CLERK of Parliament Austin Zvoma has expressed doubt over the construction of a new Mount Hampden Parliamentary building during the lifetime of the eighth Parliament, exposing government’s failure to expeditiously conclude a Chinese deal that would have made the project a reality.
The new building has been on the cards since independence in 1980. Had it been constructed back then, there would not have space constraints the bicameral Parliament now faces following the expansion of the House of Assembly from 210 to 270 members.
The Senate has 80 members, down from 99 in the last Parliament and, according to Zvoma there are no space constraints in the upper chamber. It is in the National Assembly, which can only accommodate 150 members, where the administration at Parliament is having nightmares.
It might mean that some of the Members of Parliament would be standing along the passage during sessions or sit in the gallery. This would be a huge embarrassment to government which failed to conclude a US$145 million deal with the Chinese for the construction of a new Parliamentary building in Mount Hampden.
At one time, outgoing Finance Minister Tendai Biti and Transport Minister Nicholas Goche embarked on a junket to the Asian giant to plead for funding for 20 government projects following proposals submitted to China Export and Import Bank but the inclusive government has now come to an end with no single stone having been laid.
“Anhui Foreign Economic Construction Group (Co. Ltd): The delegation highlighted the importance of having a new Parliament building as the current building had become too small and hence crowded. The Parliament building project as designed by the Government of Zimbabwe amounts to US$145 million,” a statement released by Biti after the visit said.

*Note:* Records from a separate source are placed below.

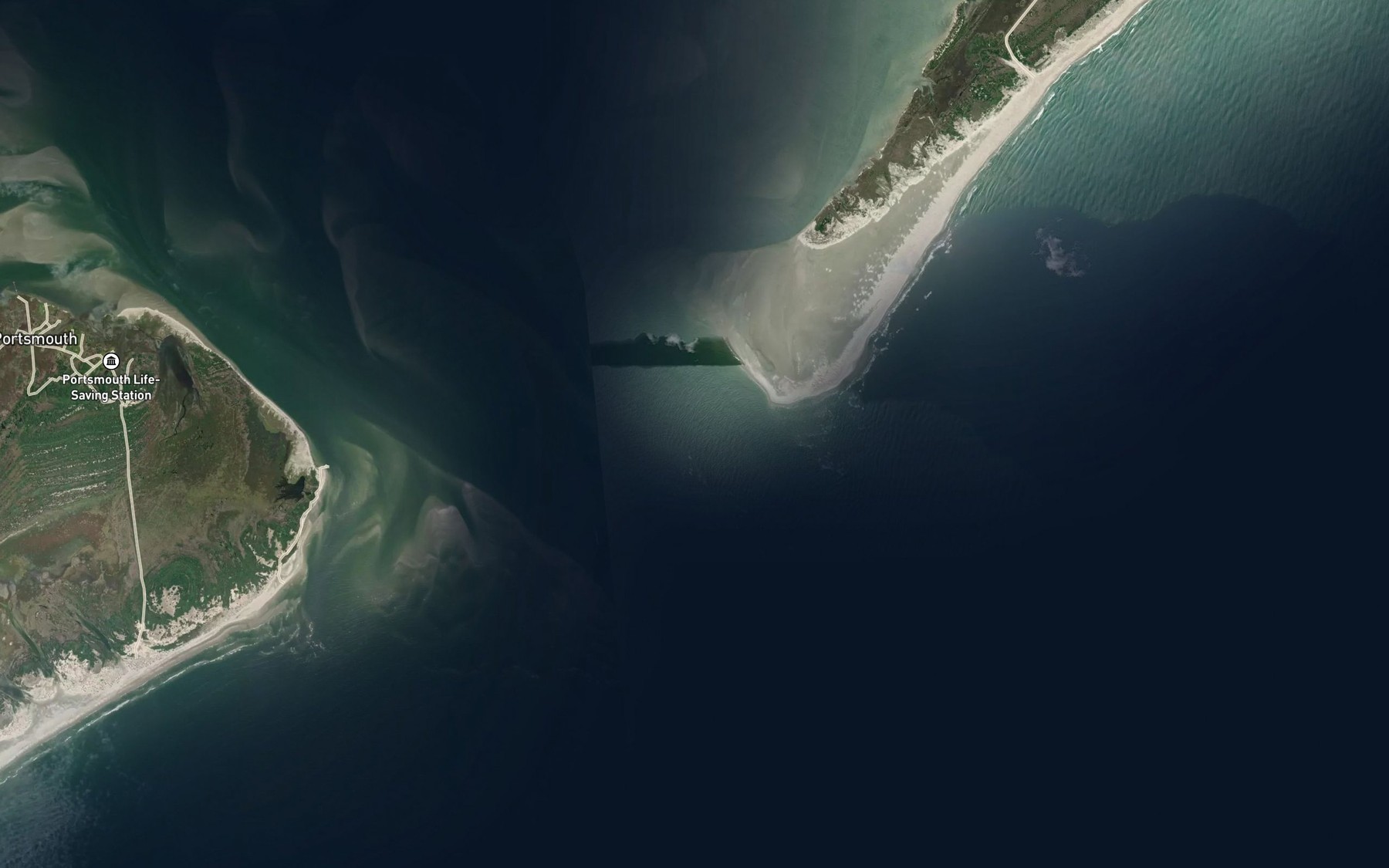 Satellite map of the Ocracoke Inlet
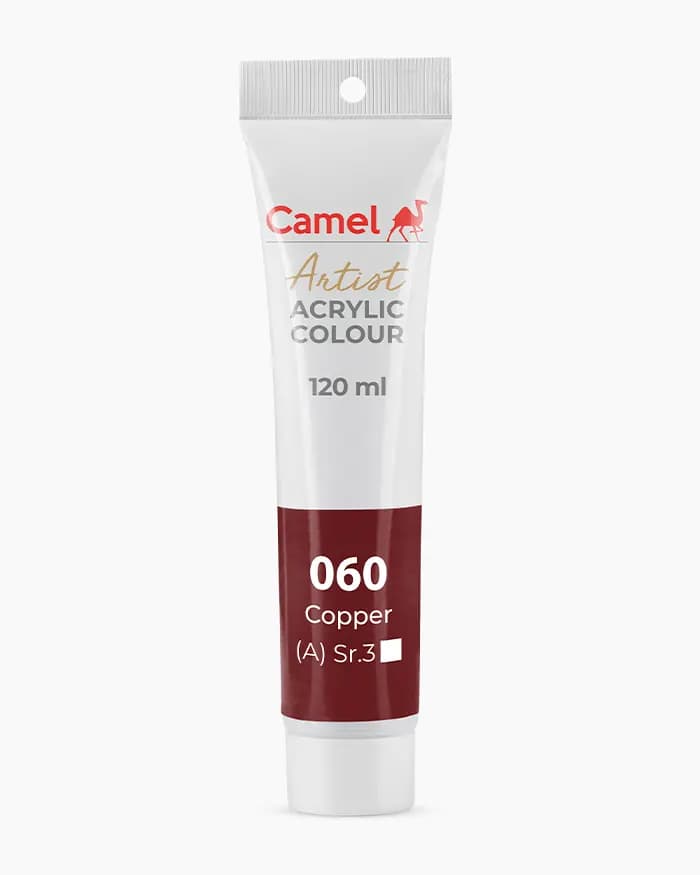 Camel Artist Acrylic Colours Individual tube of Copper Sr 3 in 120 ml
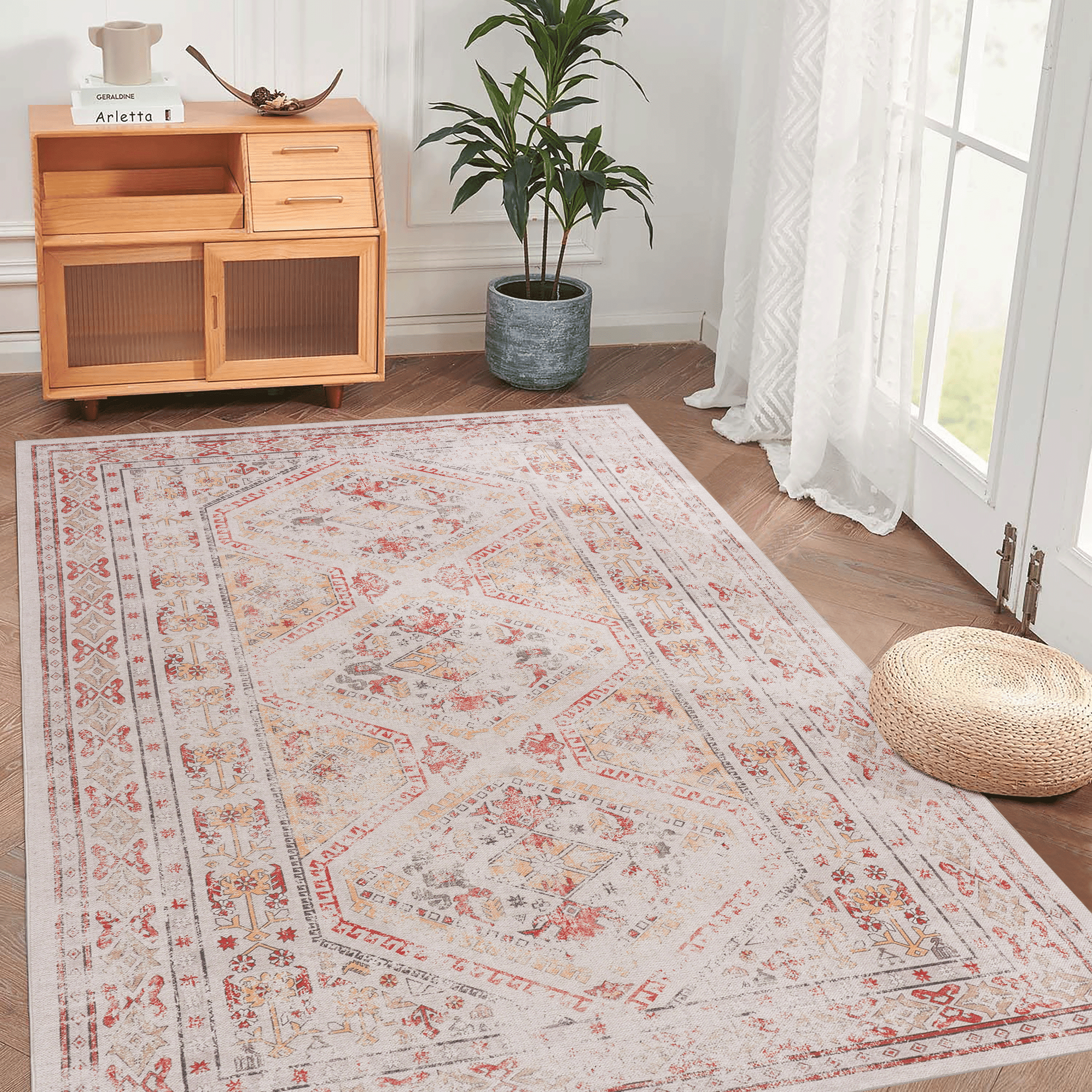 MAVAL Beige Washable Rug 9x12 Area Rug (Beige, 9'x12')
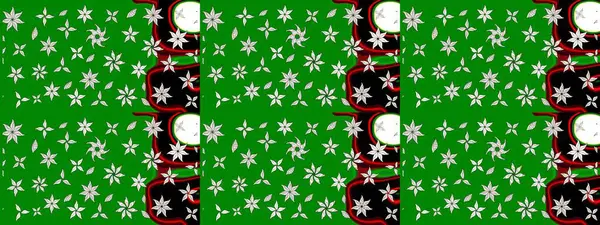 Renkli Bahar Teması eskiz kalıbı. Sevimli çiçek raster deseni. Yeşil renkli çiçekler. Düz Çiçek Elementleri Tasarımı.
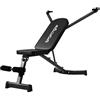 Hmluxury Panca per pesi pieghevole, panca da allenamento con estensori per le gambe, schienale a 3 scomparti, peso massimo 300 kg, 135 x 130 x 107 cm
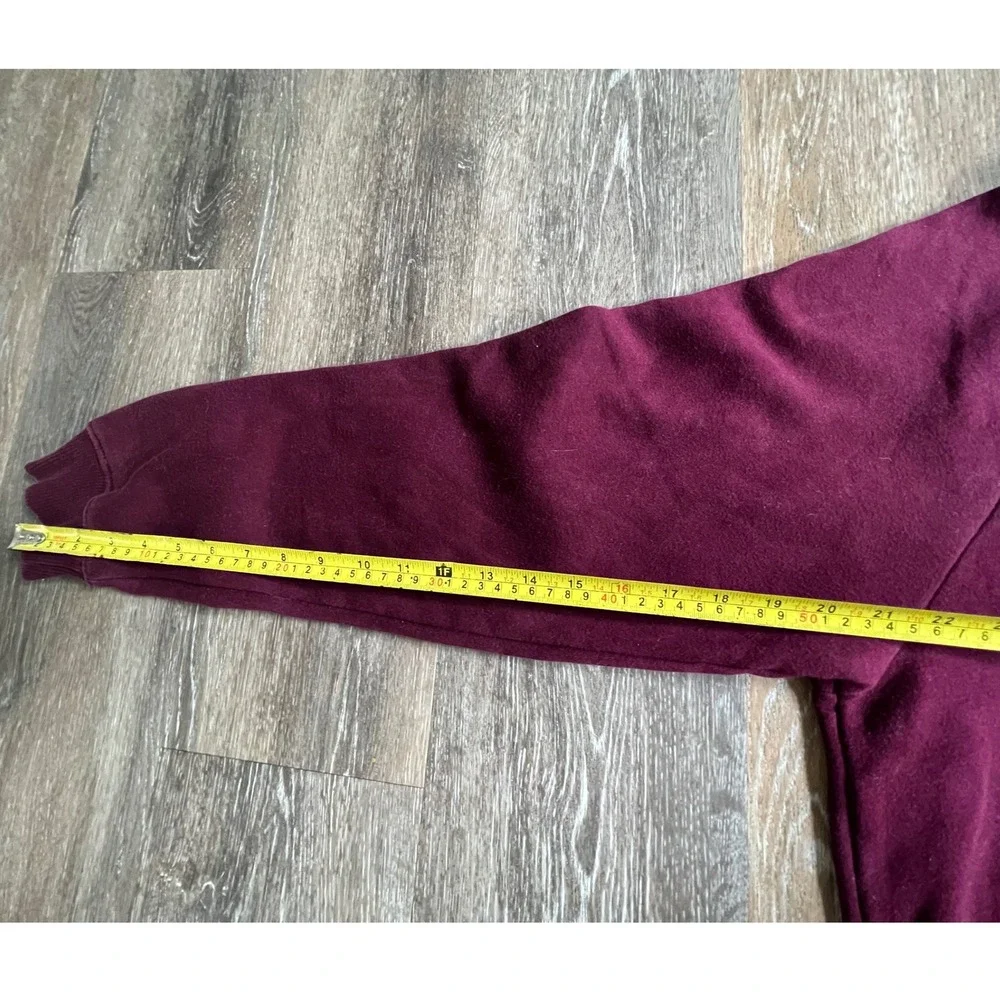 Adidas Hoodie Mens XL Maroon Burgundy Trefoil Logo Pullover Sweatshirt
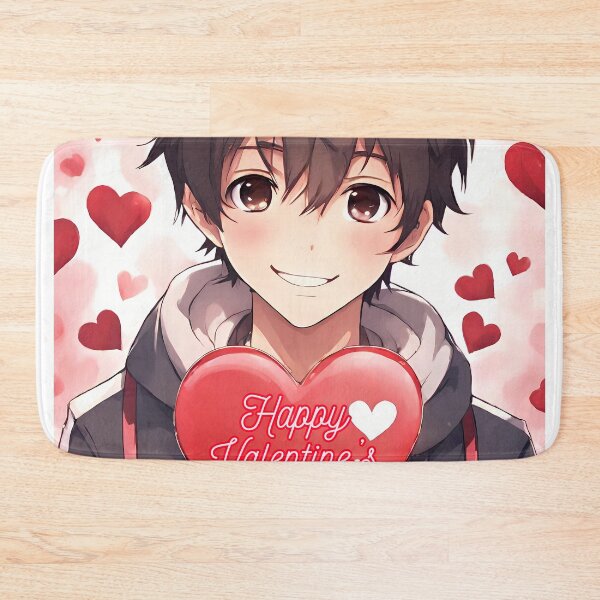 Item preview, Cute Anime Boy wishing "Happy Valentine's Day" - 1 designed and sold by StellaArtz.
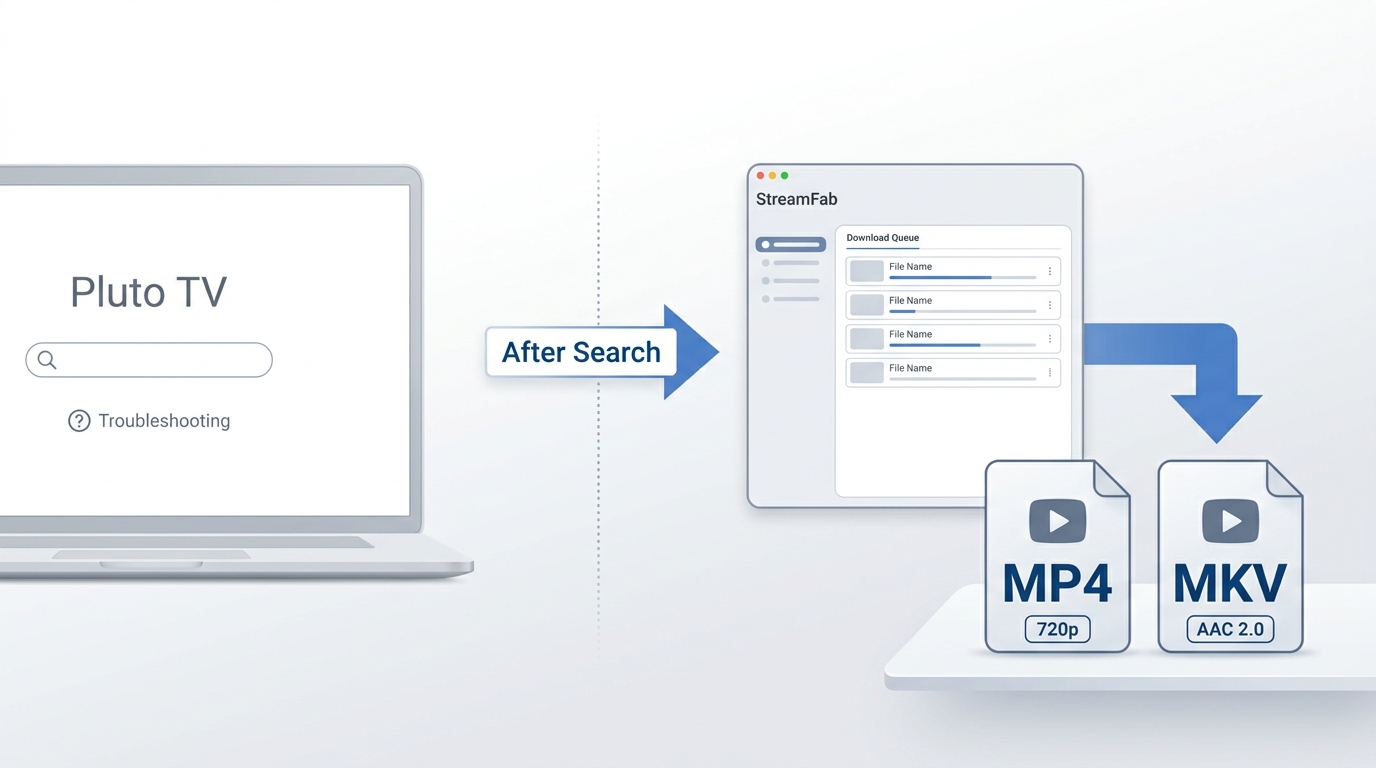 StreamFab Pluto TV Downloader as a desktop offline file workflow after search steps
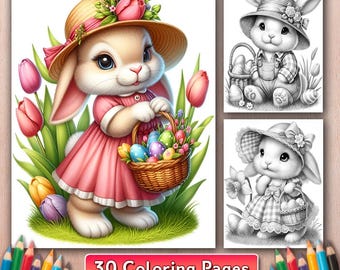 30 Easter Bunny Coloring Pages, Bunny Coloring Book, Easter Bunny Scenes Coloring, Bunny Coloring Pages, Easter Coloring, Printable PDF File
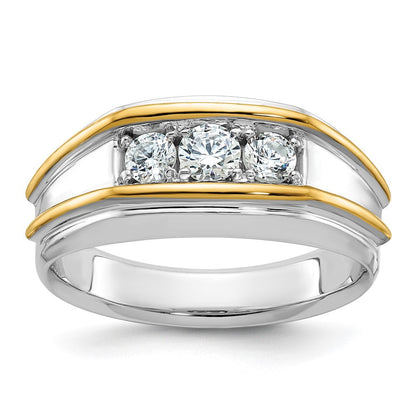 14K Bicolor-Gold Herren-Ring mit 0,5K Diamanten, komplett besetzt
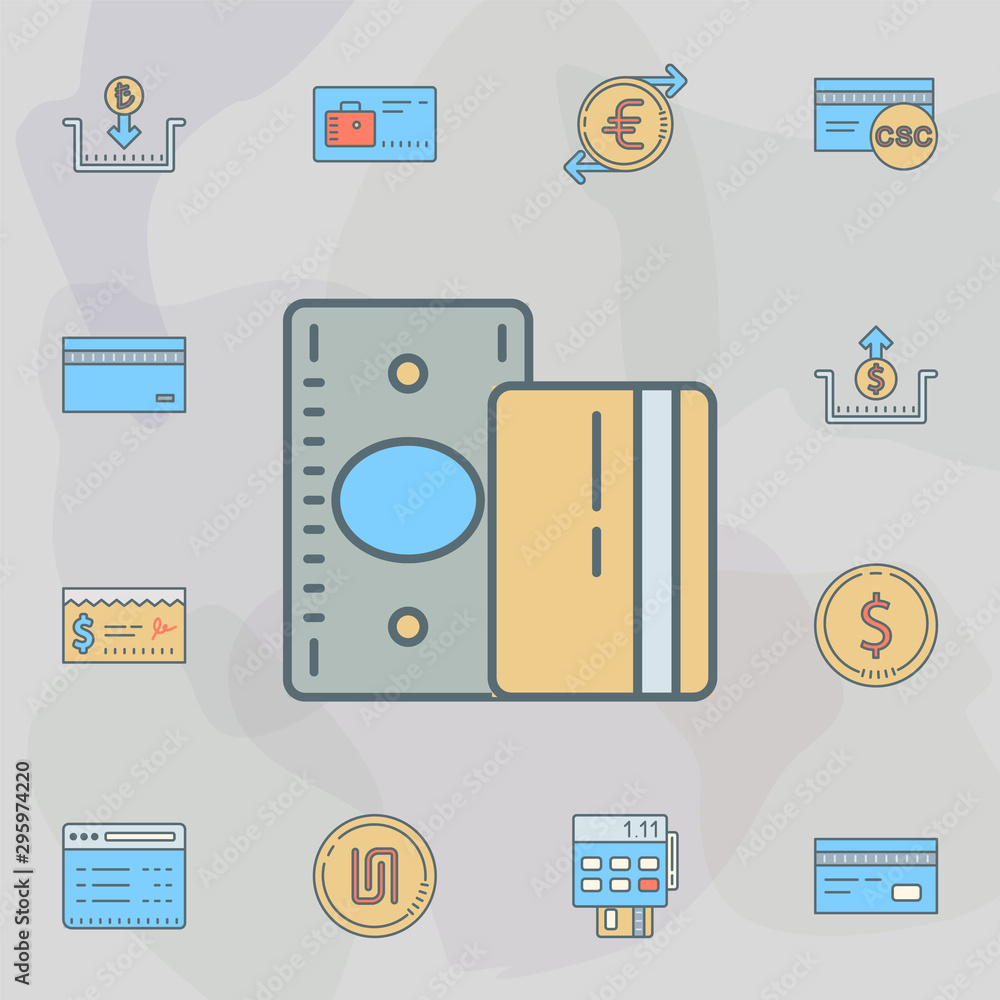 Poster bill and credit card dusk style line icon. universal set of banking for website design and developme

As it stands, it is clear that the proposed deal would not immediately benefit incoming parliamentarians.
In April 2011, the then Chinese ambassador Xin Shunkang said the project would start soon although indications on the ground pointed otherwise.
“The Chinese government promised to build a new parliament building. By end of this month government will send a delegation to start this project,” Shunkang said two years ago.
On Monday, Zvoma said the current Parliament Building which was converted from a hotel that went bankrupt in the 1890s cannot accommodate the 356 members: All House of Assembly members, senators and the Attorney General who is an ex-officio member.
“The programme for the construction of the Parliament building in Mount Hampden is not driven by us but it’s the responsibility of the executive. We are just clients and we are also waiting in anticipation that in the not too distant future the project will finally take off. I am looking forward to it hopefully to happen maybe before the end of the 8th Parliament,” added Zvoma.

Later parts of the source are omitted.